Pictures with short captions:

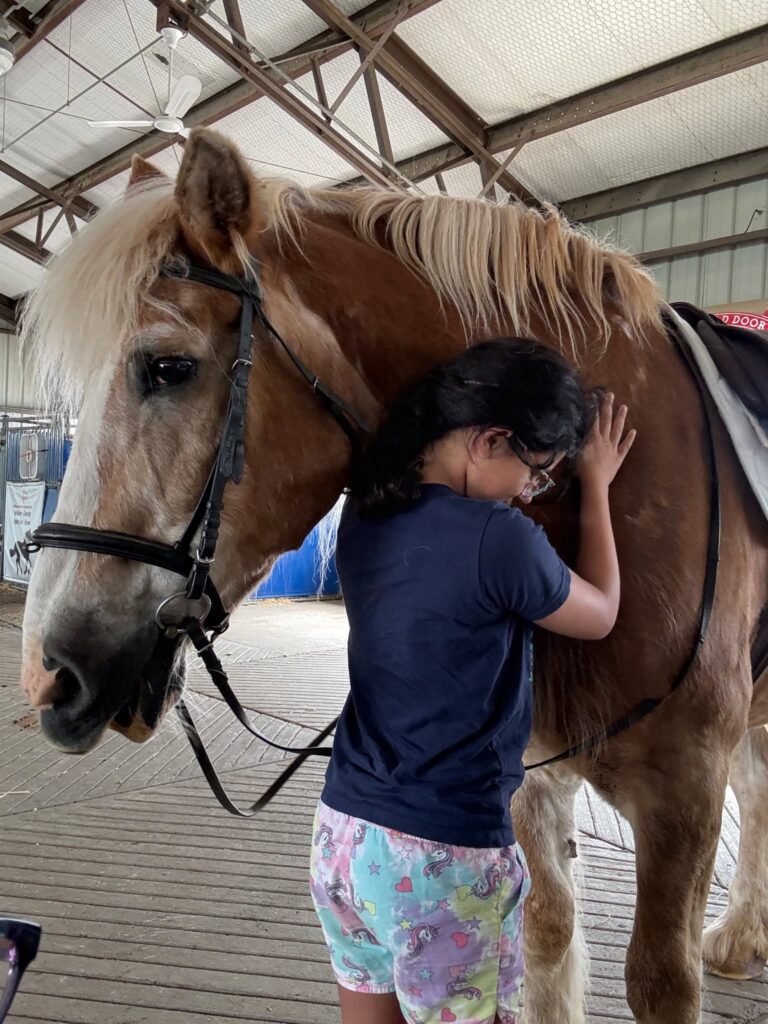 Horseback Riding Camp-The RED Farm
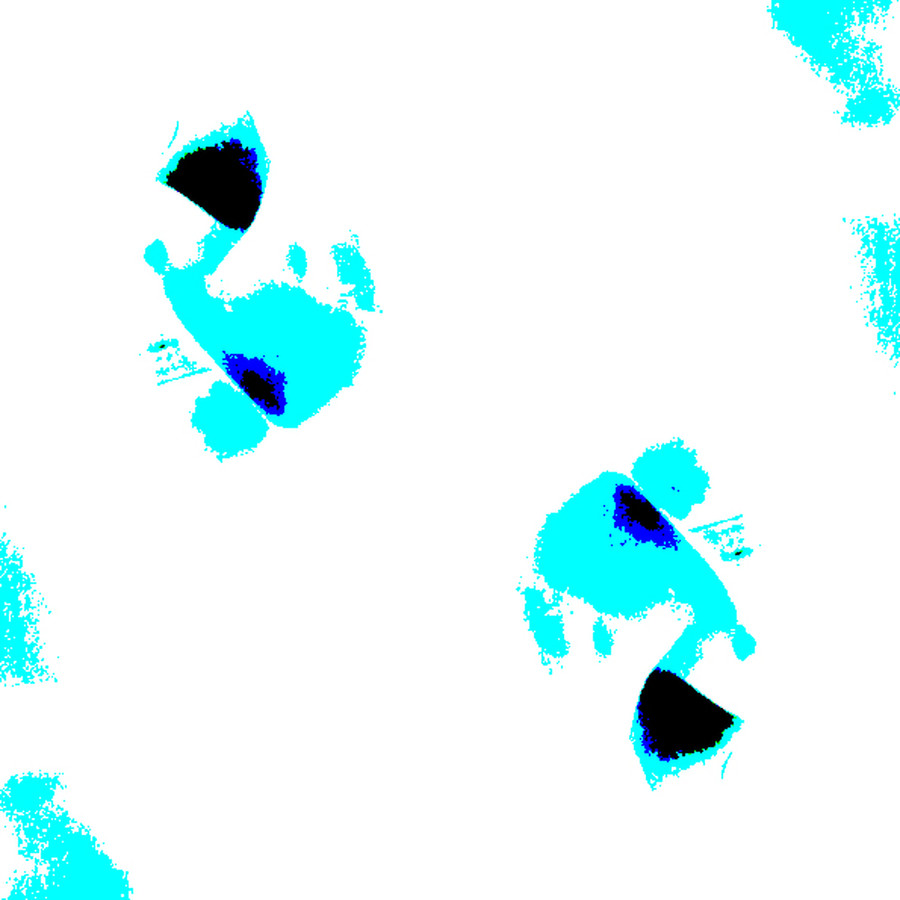 Human, Person, Stain, Footprint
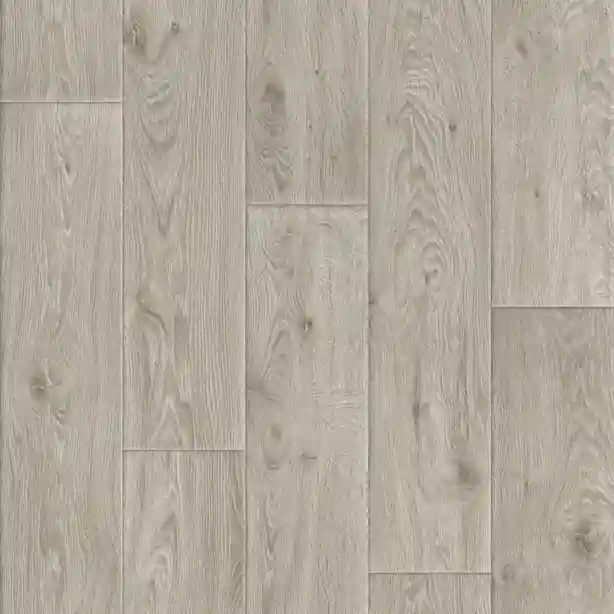 Evolution Raymond 7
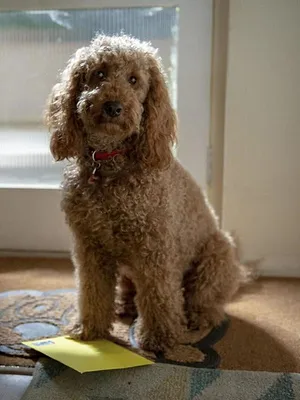 Waffle, le chien waouh S2 E18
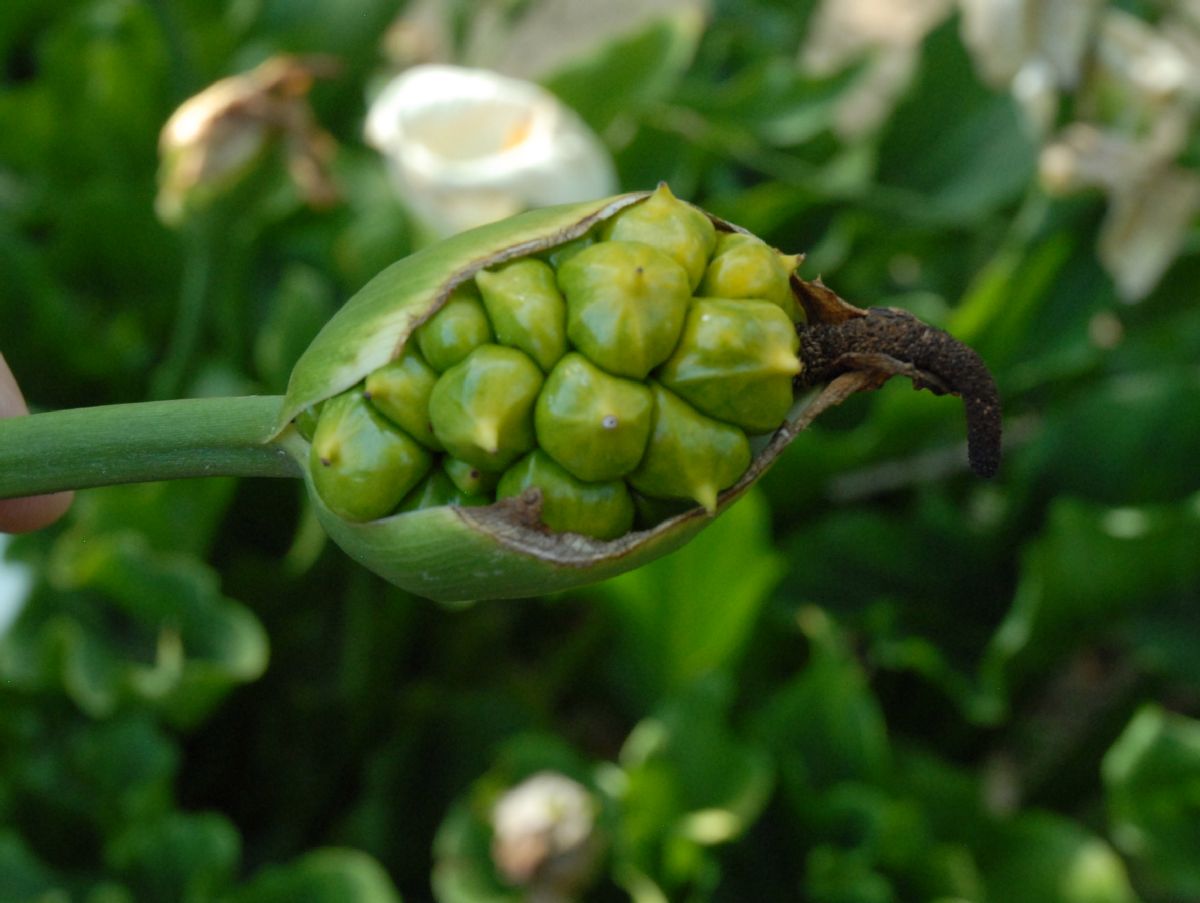 Araceae Calla palustris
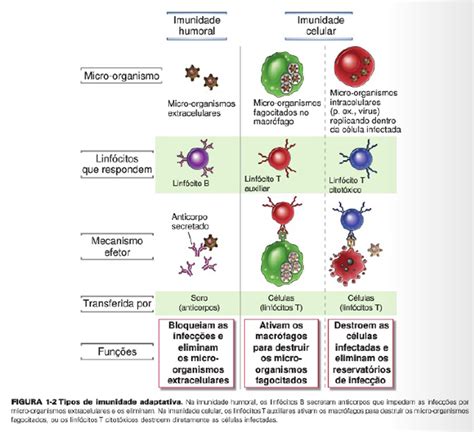 Imune Humoral E Celular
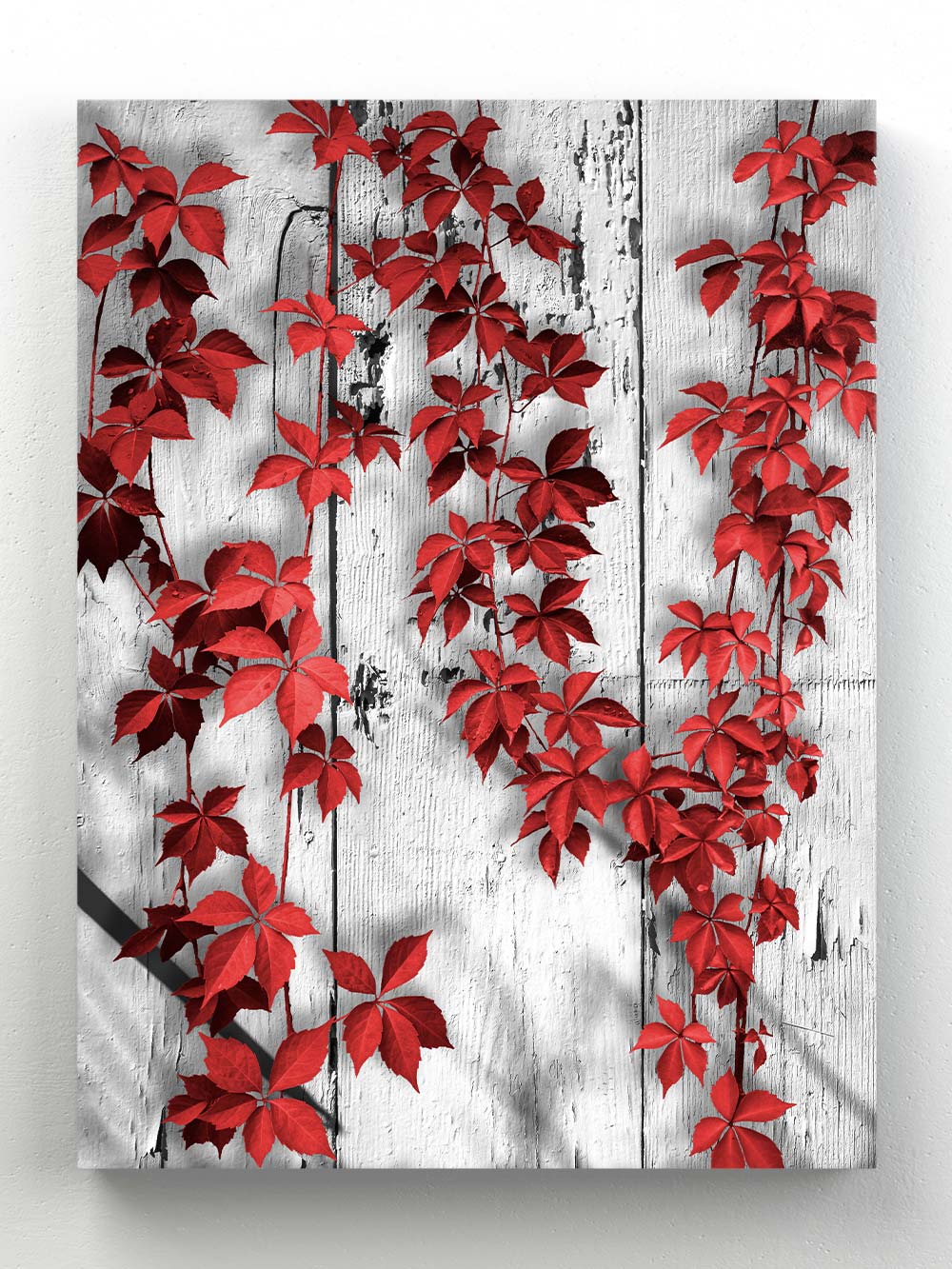 Red leaves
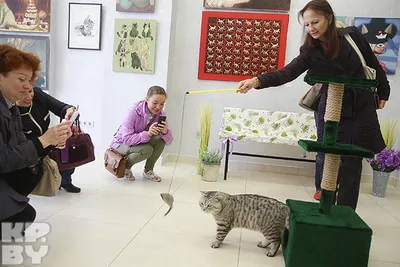Музей Кота в Минске - погладить кошку и посмотреть на картины • Family.by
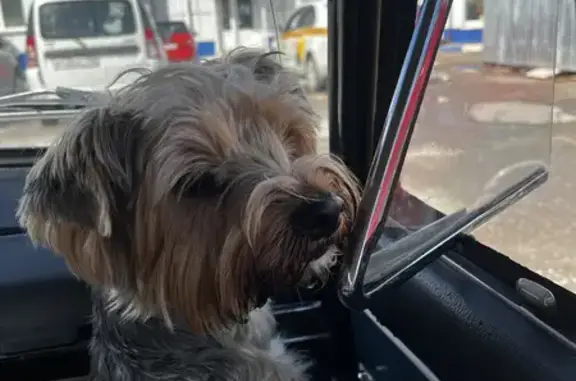 Найдена собака на Лавровоской дороге в Московской области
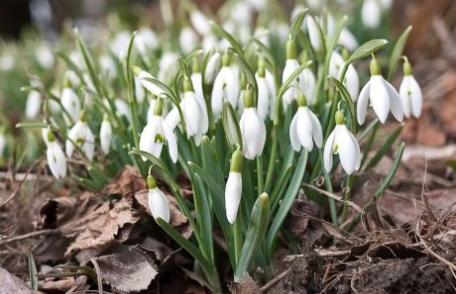 Căldura din Africa alungă ploile din România 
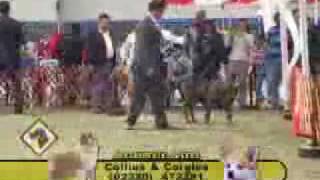 Perros en Acción - Programa 51 Bloque 2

TASK REQUIREMENTS: A verbatim copy of the data, with all pictures omitted, is the required output.

TASK RESPONSE:
 Horseback Riding Camp-The RED Farm
 Human, Person, Stain, Footprint
 Evolution Raymond 7
 Waffle, le chien waouh S2 E18
 Araceae Calla palustris
 Imune Humoral E Celular
 Red leaves
Музей Кота в Минске - погладить кошку и посмотреть на картины • Family.by
 Найдена собака на Лавровоской дороге в Московской области
 Căldura din Africa alungă ploile din România 
 Perros en Acción - Programa 51 Bloque 2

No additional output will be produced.